DATA FOR THIS TASK:
····················

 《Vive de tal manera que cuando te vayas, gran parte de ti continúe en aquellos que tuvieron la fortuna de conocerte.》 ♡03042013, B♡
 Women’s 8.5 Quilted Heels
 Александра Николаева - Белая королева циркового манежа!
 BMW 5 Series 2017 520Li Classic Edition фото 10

····················

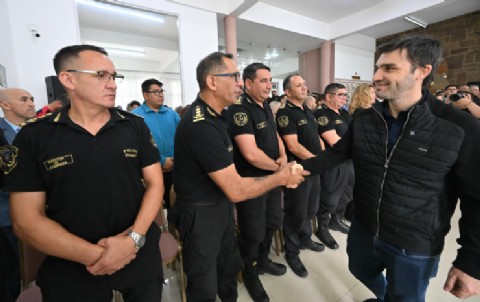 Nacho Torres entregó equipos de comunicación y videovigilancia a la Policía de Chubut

····················

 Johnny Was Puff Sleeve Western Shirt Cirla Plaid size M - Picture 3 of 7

····················

Copy the lines above exactly. Start with the line containing "conocerte.》 ♡03042013, B♡", end with the line containing "BMW 5 Series", and include both.

 《Vive de tal manera que cuando te vayas, gran parte de ti continúe en aquellos que tuvieron la fortuna de conocerte.》 ♡03042013, B♡
 Women’s 8.5 Quilted Heels
 Александра Николаева - Белая королева циркового манежа!
 BMW 5 Series 2017 520Li Classic Edition фото 10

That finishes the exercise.